Thursday, July 15, 2010

Code Reviews, the Lost Art

Nearly every software development shop worth its salt has some form of what is known as a code review and nearly every developer dislikes them. Most matured developers tend to like the idea of code reviews but given the choice, on there next commit they would likely opt to not send their code for code review. The reason why is simple, code reviews can delay the forward progress of the software and they take time. When you have other developers needing access to the library you just wrote it is hard to say we need to take a few hours to a week of our time to look over my code. I think we should be able to make code reviews better and into something everyone wants to do.

After a code review I often finding myself wondering was what was found worth my time and the reviewers time? Most of the code reviews that I have been apart of have had minor suggestions or more commonly code standards compliance problems. When you rummage through several hundred or a few thousand lines of code during a code review and all that is found is that you have a few extra blank lines or should change the name of a variable, it does seem like a bit of a wast.

I'm not saying that we should not care about those extra lines or any code standard for that matter. I'm a big fan of code standards, I think they help in the readability of code. I'm saying that there is a cost to code reviews, we have to weigh those costs against the rewards. When a reviewer only finds a few compliance issues, things that could be fixed by anyone that is reading through the code, it was not worth the time the reviewer spent reviewing.

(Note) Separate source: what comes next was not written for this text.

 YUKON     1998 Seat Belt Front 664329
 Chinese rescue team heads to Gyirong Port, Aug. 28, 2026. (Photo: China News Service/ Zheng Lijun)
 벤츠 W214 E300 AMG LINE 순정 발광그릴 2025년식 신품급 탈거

So how do we make code reviews worth everyone's time? Simple, we change the intent of a code review back to what the actual intent was. Code reviews are put into place to find bugs. Bugs that would show up to an end user or other developers that are trying to use the code.

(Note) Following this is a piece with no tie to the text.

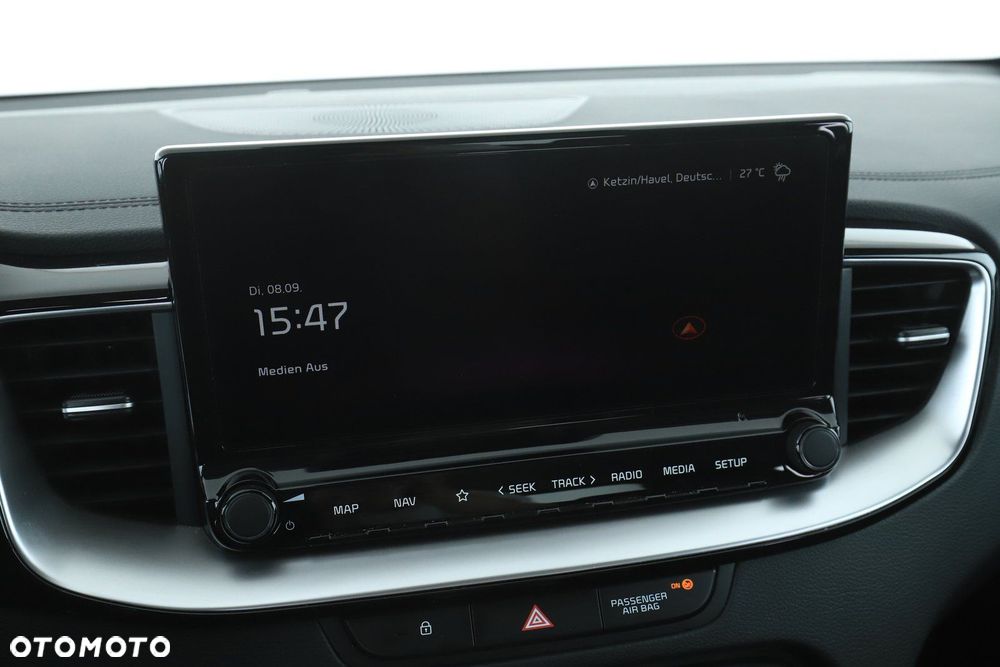 Kia XCeed - 15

You may say, “well Cory that is what every code reviewer is doing, they are looking for bugs.” However that is not true, sure they are looking for obvious bugs like unassigned variables being referenced, but they are not looking for deep bugs. One of the most common bugs comes from input validation, and yet it is a bug that is often over looked in code reviews. This is because it is often difficult to tell exactly where input to a function is coming from and how much it should be trusted. Detecting multi-level bugs requires a reviewer to see how the multiple levels interact and the path of the code in correct and error states. This kind of review takes a lot of time and drastically increases the complexity of a code review. The sharp increase is due to the fact that we are moving a code review from a mostly passive practice to a very active process.

Obviously code reviews could not detect all bugs and there will be times when a code review will not find any bugs. From this active process of a code review you get a new found level of confidence. Bug counts will be decrease and actual development should increase. This confidence is how a code review pay for themselves.